* **AIM OF THE EXERCISE**
Lift out, unaltered, the lines of the material below between the line holding "Skinny Multi Stone Hoop Earrings 1" and the line holding "Oem da tùy chỉnh", counting both.

◇ ◇ ◇ ◇

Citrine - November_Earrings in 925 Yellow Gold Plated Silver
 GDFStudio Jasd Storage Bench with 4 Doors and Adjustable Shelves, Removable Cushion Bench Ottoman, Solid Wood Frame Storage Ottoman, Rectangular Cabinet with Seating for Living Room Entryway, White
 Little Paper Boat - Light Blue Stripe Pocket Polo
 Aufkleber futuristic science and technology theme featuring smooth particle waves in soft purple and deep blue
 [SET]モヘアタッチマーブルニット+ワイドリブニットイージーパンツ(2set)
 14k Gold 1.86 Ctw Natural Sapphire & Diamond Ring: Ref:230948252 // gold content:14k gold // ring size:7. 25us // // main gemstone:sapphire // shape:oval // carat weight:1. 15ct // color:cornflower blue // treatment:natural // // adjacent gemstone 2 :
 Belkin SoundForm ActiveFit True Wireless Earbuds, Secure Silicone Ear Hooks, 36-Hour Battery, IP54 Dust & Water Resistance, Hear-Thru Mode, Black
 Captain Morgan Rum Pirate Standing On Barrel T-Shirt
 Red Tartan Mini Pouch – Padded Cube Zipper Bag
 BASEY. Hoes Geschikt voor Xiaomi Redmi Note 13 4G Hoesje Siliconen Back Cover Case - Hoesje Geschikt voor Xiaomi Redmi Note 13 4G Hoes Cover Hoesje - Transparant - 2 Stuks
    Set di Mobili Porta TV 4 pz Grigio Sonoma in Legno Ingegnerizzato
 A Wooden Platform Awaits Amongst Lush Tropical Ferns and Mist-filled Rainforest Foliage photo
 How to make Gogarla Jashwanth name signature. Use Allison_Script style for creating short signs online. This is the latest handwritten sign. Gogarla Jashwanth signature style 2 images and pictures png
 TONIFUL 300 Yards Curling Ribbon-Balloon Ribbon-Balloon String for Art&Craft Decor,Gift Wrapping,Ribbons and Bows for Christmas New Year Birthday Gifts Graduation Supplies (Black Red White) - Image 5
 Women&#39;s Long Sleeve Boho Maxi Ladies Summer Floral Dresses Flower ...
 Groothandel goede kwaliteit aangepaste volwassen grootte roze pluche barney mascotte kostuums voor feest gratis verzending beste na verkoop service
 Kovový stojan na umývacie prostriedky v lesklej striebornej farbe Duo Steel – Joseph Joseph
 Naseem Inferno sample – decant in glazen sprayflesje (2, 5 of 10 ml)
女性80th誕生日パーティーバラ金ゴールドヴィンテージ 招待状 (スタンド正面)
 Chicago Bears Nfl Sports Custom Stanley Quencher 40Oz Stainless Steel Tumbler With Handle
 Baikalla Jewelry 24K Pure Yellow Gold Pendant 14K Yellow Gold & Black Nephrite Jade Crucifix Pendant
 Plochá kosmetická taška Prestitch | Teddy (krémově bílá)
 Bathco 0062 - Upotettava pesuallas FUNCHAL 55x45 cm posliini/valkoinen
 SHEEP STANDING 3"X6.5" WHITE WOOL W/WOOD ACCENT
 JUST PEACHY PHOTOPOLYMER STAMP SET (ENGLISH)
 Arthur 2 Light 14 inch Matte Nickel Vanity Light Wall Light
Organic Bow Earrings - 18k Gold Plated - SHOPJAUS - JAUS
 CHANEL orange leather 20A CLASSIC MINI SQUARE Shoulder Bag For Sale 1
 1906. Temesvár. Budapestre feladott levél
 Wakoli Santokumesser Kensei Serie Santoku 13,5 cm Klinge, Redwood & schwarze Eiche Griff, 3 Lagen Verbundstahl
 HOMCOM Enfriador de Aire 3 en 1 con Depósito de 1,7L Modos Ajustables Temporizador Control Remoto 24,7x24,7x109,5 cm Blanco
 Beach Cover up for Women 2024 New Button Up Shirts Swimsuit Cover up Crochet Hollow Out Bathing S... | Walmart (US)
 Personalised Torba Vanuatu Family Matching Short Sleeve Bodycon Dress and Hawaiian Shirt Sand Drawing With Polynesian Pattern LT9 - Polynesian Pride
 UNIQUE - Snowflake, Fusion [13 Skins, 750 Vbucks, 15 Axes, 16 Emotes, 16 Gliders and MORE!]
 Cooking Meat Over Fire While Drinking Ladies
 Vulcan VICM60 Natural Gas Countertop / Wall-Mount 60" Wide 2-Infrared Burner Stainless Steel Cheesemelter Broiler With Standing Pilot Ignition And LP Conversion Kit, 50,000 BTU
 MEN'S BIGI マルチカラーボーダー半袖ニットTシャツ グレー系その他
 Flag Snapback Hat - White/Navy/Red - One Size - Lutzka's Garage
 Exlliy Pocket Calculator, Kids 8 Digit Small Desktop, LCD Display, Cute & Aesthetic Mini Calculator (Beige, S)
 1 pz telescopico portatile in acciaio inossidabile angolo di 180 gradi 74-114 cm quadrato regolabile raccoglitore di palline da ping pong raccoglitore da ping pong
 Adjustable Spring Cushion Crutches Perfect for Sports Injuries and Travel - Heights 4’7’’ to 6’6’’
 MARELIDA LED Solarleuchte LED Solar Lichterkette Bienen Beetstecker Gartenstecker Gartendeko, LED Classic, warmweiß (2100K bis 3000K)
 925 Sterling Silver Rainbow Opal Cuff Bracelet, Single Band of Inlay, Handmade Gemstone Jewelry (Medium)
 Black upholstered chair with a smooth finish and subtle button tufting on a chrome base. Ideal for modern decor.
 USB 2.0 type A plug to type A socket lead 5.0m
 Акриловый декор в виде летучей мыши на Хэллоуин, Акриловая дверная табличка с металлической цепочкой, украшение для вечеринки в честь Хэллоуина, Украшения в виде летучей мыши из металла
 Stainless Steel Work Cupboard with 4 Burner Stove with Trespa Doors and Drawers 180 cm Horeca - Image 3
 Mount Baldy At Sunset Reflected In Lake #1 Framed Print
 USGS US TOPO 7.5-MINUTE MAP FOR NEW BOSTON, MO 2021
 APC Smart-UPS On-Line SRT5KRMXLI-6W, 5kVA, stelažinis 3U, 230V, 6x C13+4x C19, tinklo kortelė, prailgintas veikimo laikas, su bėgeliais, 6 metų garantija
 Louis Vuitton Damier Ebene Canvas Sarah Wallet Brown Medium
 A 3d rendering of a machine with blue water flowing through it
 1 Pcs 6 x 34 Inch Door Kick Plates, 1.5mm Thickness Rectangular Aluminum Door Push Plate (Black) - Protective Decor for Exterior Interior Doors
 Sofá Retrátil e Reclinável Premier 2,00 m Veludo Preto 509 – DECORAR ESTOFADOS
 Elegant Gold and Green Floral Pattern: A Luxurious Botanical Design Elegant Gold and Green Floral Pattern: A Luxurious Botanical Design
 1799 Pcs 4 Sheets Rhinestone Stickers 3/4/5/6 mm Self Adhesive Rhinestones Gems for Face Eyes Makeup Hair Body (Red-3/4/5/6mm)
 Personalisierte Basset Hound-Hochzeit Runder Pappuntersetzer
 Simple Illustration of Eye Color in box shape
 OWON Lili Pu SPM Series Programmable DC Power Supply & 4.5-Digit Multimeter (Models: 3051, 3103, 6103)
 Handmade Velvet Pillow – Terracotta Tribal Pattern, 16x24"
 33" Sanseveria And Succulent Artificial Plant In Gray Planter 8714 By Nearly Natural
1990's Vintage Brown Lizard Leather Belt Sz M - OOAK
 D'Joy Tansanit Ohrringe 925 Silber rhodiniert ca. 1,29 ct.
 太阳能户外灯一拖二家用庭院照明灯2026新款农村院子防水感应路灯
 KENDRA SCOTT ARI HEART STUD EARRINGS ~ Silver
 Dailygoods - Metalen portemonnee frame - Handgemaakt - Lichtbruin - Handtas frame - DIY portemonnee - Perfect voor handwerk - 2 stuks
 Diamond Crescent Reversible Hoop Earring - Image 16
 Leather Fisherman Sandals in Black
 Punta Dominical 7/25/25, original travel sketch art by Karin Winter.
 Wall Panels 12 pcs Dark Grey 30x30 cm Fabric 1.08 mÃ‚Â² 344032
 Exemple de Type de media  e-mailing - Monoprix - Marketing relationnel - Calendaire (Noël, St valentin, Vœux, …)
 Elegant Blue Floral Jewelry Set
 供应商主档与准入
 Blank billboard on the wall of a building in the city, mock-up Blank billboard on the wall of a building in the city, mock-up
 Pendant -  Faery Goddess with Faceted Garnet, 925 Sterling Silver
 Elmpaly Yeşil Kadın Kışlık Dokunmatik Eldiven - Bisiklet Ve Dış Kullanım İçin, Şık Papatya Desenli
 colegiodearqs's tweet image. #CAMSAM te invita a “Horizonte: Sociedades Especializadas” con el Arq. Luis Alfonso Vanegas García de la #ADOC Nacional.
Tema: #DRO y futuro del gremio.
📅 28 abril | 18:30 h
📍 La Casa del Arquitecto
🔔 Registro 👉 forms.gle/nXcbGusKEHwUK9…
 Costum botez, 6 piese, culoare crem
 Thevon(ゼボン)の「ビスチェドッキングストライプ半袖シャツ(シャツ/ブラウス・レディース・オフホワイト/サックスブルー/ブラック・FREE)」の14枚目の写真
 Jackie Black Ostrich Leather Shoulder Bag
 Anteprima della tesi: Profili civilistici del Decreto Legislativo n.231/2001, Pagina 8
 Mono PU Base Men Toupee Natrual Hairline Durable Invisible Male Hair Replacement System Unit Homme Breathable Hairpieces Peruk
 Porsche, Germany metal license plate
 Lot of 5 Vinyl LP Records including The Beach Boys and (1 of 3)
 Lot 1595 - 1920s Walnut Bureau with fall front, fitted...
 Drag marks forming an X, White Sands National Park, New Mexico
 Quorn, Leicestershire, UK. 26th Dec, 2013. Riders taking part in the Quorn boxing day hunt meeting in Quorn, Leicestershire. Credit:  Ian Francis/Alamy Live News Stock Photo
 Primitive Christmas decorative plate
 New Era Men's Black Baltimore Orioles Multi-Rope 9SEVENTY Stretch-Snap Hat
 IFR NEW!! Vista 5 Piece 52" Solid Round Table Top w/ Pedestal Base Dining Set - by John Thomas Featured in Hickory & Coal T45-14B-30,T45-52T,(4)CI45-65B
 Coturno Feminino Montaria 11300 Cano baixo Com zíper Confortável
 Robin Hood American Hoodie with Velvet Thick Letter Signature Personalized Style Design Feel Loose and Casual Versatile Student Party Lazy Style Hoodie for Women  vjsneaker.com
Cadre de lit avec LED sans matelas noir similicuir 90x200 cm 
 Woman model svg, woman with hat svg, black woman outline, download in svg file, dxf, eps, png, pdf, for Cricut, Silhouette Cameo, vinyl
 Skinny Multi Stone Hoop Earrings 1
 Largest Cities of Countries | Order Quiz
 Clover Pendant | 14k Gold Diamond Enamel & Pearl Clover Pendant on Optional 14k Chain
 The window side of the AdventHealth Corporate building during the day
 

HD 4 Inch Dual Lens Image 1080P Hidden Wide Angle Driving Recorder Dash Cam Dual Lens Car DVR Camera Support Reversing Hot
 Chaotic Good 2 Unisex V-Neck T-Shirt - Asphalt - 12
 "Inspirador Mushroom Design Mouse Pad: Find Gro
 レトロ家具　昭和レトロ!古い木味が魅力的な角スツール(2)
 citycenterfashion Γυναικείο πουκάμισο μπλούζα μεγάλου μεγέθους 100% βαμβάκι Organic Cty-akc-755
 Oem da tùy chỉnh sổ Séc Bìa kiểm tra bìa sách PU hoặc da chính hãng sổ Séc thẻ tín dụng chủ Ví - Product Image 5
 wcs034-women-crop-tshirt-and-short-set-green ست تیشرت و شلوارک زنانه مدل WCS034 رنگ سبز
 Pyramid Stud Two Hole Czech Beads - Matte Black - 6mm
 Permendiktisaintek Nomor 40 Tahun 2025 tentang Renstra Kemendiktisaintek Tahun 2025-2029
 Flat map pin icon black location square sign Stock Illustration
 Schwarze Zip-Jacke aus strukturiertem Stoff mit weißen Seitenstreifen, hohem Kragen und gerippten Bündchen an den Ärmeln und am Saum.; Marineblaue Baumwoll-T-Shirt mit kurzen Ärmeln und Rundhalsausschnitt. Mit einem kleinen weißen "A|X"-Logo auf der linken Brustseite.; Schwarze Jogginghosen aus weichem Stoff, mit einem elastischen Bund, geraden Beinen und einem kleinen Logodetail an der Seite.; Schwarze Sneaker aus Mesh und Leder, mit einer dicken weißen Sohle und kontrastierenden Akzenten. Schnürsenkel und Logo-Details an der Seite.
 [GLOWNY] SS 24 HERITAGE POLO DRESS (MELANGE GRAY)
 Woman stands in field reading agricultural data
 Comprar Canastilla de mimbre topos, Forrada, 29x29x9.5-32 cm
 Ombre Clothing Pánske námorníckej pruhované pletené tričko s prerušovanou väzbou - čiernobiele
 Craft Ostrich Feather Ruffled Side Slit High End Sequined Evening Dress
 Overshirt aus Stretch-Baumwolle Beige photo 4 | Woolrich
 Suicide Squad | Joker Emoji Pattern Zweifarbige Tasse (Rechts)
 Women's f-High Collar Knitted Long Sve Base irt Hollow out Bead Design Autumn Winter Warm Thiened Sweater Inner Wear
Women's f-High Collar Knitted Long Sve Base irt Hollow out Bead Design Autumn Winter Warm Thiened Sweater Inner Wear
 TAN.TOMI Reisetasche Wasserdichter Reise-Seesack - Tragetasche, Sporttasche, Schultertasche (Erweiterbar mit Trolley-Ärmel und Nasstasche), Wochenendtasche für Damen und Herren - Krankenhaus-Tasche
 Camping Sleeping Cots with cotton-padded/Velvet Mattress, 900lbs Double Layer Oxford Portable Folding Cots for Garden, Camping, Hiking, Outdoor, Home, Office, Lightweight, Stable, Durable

◇ ◇ ◇ ◇

* **ANSWER SECTION**
 Skinny Multi Stone Hoop Earrings 1
 Largest Cities of Countries | Order Quiz
 Clover Pendant | 14k Gold Diamond Enamel & Pearl Clover Pendant on Optional 14k Chain
 The window side of the AdventHealth Corporate building during the day
 

HD 4 Inch Dual Lens Image 1080P Hidden Wide Angle Driving Recorder Dash Cam Dual Lens Car DVR Camera Support Reversing Hot
 Chaotic Good 2 Unisex V-Neck T-Shirt - Asphalt - 12
 "Inspirador Mushroom Design Mouse Pad: Find Gro
 レトロ家具　昭和レトロ!古い木味が魅力的な角スツール(2)
 citycenterfashion Γυναικείο πουκάμισο μπλούζα μεγάλου μεγέθους 100% βαμβάκι Organic Cty-akc-755
 Oem da tùy chỉnh sổ Séc Bìa kiểm tra bìa sách PU hoặc da chính hãng sổ Séc thẻ tín dụng chủ Ví - Product Image 5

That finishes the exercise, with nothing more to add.